Angela Peña – La terrible demencia

Angela Peña – La terrible demencia

¿Quiénes fueron en su cordura? ¿Cuáles serán sus nombres y apellidos? ¿Nacieron dementes o alguna causa superior a sus cerebros débiles determinó ese estado de enajenación que los aísla? Hablan con ellos mismos, divagan o guardan silencio con la mirada fija o perdida, extraviados, sin rumbo, indiferentes a la noche y el padecimiento, viviendo sin sentido, abandonados, malolientes, desaliñados, sucios, el cabello largo empegotado por el polvo que los baña, por la falta de aseo.

Unos se aferran a sitios específicos que quizás relacionan a sus tiempos normales. Otros arrastran los pies hinchados de tanto recorrer largas distancias sin destino. Ven caer las lluvias, despuntar el alba, llegar la noche sin reparar en tiempo ni clima.

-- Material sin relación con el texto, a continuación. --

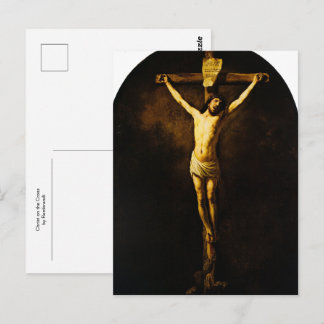 Cartão Postal Cristo na Cruz por Rembrandt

Fueron médicos brillantes, funcionarios, eficientes profesionales, estudiantes sobresalientes, intelectuales de altos vuelos a los que tal vez el alcohol, las drogas, las deudas, un desplante amoroso, una obsesión, tornaron en enajenados mentales.

Compadecidos o burlados, agresivos o mansos, van taciturnos o repitiendo sin cesar el drama que tal vez los llevó a ese estado de inconsciencia. Piden, maldicen, sonríen, van rápido, se detienen o mantienen inmóviles en algún lugar que los seduce.

La ciudad está llena de locos. Hace unos meses se denunció con alarma el número cada vez más creciente de estos enfermos sin ninguna ayuda profesional, económica, sin techo ni sustento. Fue tan sólo una alarma sin solución. Nadie acudió en su ayuda. Hoy se han multiplicado. ¿Por qué han aumentado? No es ya la Ciudad Colonial su único refugio, están dispersos por todo el país. A diario surge uno nuevo alucinando, sorprendiendo al prójimo con su discurso incoherente, asustando con sus amenazas peligrosas, escandalizando con el verbo procaz, la pedrada certera.

Son una responsabilidad que el Estado no asume. Justo es que se les ofrezcan las atenciones y cuidados que demanda su deplorable condición. Muchos entorpecen el tránsito constituyéndose en potenciales víctimas o poniendo en peligro la vida de conductores. Otros alteran la paz, interrumpen las conversaciones, rompen grupos. Se han ido dejando al tiempo y a la merced de almas caritativas y generosas que los soportan, comprenden y ayudan aunque sea saciando sus estómagos hambrientos, calmándoles la sed. Dicen los que han estudiado su situación que la mayoría prefiere la Zona Colonial porque es allí donde reciben un poco de comida, un trato condescendiente.

Sin embargo, son las autoridades oficiales del sector Salud quienes deben acogerlos, atenderlos, tratarlos. Son carga, afrenta, vergüenza para familiares que los rechazan sin reconocer el parentesco.

Viven rumiando viejos fracasos y fatalidades, arrastran una tragedia, exteriorizan irrealizados sueños, repiten sin cansarse frustradas aspiraciones, fantasean, se ilusionan, sueñan, como lo hacían en sus tiempos Barajita y Jimaquén, Avena Quaker, Pelao, Chochueca, Anamú… Pero entonces eran pocos. Hoy son tantos que dan la impresión de que el Psiquiátrico lo cerraron y estos seres humanos, dignos de mejores cuidados salieron en gesto solidario a hacer compañía a tantos compatriotas que van por su mismo camino, agobiados por la crisis. Tal vez escaparon pensando que la dura situación ha convertido a la República en un colosal manicomio, que la calle es un mayúsculo hospital de lamentos.